There are currently six social workers serving in Congress: two senators and four representatives. Until she retired in 2017, after 30 years in office, Maryland Senator Barbara Mikulski was a social worker-politician. 

How do social work and politics mesh? According to a well-known Mikulski dictum: “Politics is social work with power.”

The Congressional Research Institute for Social Work and Policy (CRISP) is a Capitol Hill think tank working to expand that power. Among other means, CRISP stages an annual three day Political Boot Camp as a crash course for social work students in getting and using political power.

Imagine an entire Congress of social workers. Some of them would certainly be UB School of Social Work graduates. Six UB students have already completed the training—and these are early days.

Colleen Kristich, MSW ’18, attended the boot camp’s second annual session, in the summer of 2018. Kristich, a community researcher at Buffalo’s Partnership for the Public Good, develops advocacy strategies with organizations working in the area of healthy housing.

She came away from the training inspired, sure that social workers can and should be involved in politics, and with a new understanding of her own impact: “I’m doing political social work.” 

A year later she used some of the tools of the political trade she’d picked up at the boot camp. Her friend Kathryn Franco, MSW ’18, ran in a primary election for a Buffalo Common Council seat and asked Kritich to manage her campaign.

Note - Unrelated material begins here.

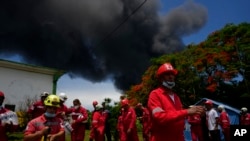 Miembros de la Cruz Roja de Cuba que laboraron en el incendio en la Base de Supertanqueros de Matanzas. (AP/Ramon Espinosa)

“I immediately dug out my CRISP folder,” Kristich said. “Without the boot camp I wouldn’t have known where to start.” 

After a lot of hard work, including knocking on endless doors during a Buffalo February, Franco made a respectable showing but lost to the sitting council member. Kristich says she learned a lot.

“I really believe in the necessity of political power to advance the goals for social work issues, like health care, education, immigration,” she said. “We need to build collective power.”

When students are selected to attend  the three-day boot camp, the School of  Social Work provides airfare, tuition and lodging stipends. 

Pat Shelly, the SSW director of community engagement and expansion, oversees applications for the program and facilitates student participation. She doesn't expect who attend to jump right into politics. 

Rather, said Shelly, the school considers the training an investment, “so the social work profession will produce more policy makers, thought leaders, communicators, and office holders at all levels of public service.”

The CRISP Political Boot Camp packs its short program with how-to information sessions ranging from getting on the ballot to opposition research to crafting a policy agenda. It also includes a visit to Capitol Hill and time for the 25-30 participants to network and bond.

The sessions on creating a personal narrative and political social work resonated powerfully with Kristen Hibit, MSW ’20, who, along with fellow UB MSW students Hector Chaidez Ruacho, MSW ’20, and Whitney Marris, MSW ’20, attended the 2019 boot camp.

Hibit, an immigrant agricultural worker specialist with the New York State Department of Labor, hoped to bring home tools to help her advocate for system change from inside the public sector.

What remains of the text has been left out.